Sem darmos por ela, falta-nos um pouco de literacia digital...

De literacia e não só. Os miúdos começaram a ter uma grande exposição e a comunicar pela internet e há casos que conhecemos de abusos que levam a situações extremas! Portanto é importante alertá-los para alguns procedimentos nesta área que está a evoluir tão, tão rapidamente que é importante que se olhe para ela seriamente e que não seja descurada. É uma área nova para muita gente e percebo que muitos dos pais não estejam tão à vontade nela. As crianças de hoje em dia parece já têm uma agilidade muito especial para lidar com estes instrumentos todos, mas é importante estar atento, porque vemos que há algumas que se expõem demasiado com fotografias, com diálogos com pessoas que não conhecem... Até porque há todo um anonimato por trás destas máquinas, não é? E há quem se aproveite dessas circunstâncias.

 

É mãe de quatro filhos. Que conselhos daria aos pais de hoje?

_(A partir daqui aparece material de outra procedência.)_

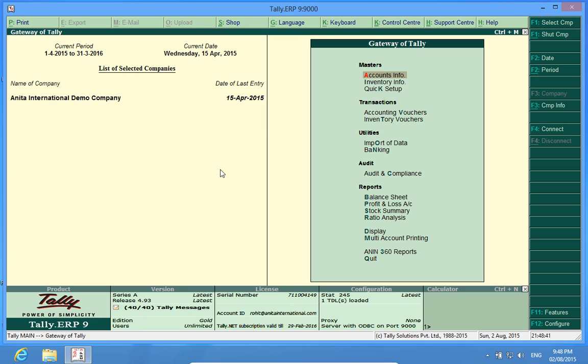Hello YouTube, I am Rohit from Discover Tally. In this video, I will brief you about Tally customization of the Salesman module or the Agent module.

(risos). Eu acho que já tenho dado muitos (risos)! Tenho filhos, tenho netos e quer dizer... é uma pergunta difícil, nem sei bem o que responder (risos). Acho que a infância e as crianças – e quando falamos das crianças falamos dos 0 aos 18 – acho que é muito importante o tempo e atenção que se lhes dá, aos filhos. Quando falamos em direitos das crianças já me têm perguntado: “O que é isso dos direitos das crianças? Significa que temos que fazer tudo o que elas querem?”. Não, claro que não, às vezes as crianças precisam de ouvir um “não”, aliás estão mesmo à espera de ouvir um “não”! É bom que elas comecem a perceber que têm direitos, que possam reivindica-los, mas também que esses direitos terminam quando invadem os direitos dos outros. Também devem saber que gradualmente também vão tendo responsabilidades enquanto cidadãos do mundo que é a sua comunidade e a comunidade global a que pertencemos. Acho que é muito importante hoje em dia que os miúdos olhem para o mundo porque as várias situações que referi acontecem em todo o lado – e temos conhecimento delas no momento porque temos um alerta no telemóvel, temos uma aplicação que nos dá a última notícia, sabemos o que se está a passar – são muito efémeras e passam muito de repente. É bom que se reflicta um bocadinho sobre isso! Há questões que todos nós podemos contribuir para elas! Por exemplo, as alterações climáticas: constituem um fenómeno que está a acontecer e para o qual todos nós podemos contribuir. Podemos ter consciência de que a situação dos bens de que dispomos, como a água ou o ar, pode melhorar com o nosso comportamento. Até porque as alterações climáticas também estão na origem da deslocação de milhões de pessoas! Neste aspecto acho que todos nós podemos contribuir para que as nossas crianças tenham tudo aquilo que precisam em termos de necessidades, todas as suas necessidades básicas. Mas é preciso abrir-lhes o horizonte e fazê-las perceber que não vivem sozinhas no mundo. O nosso mundo é cada vez mais pequeno, cada vez mais global, não podemos desligar-nos daquilo que acontece longe porque tudo está interligado.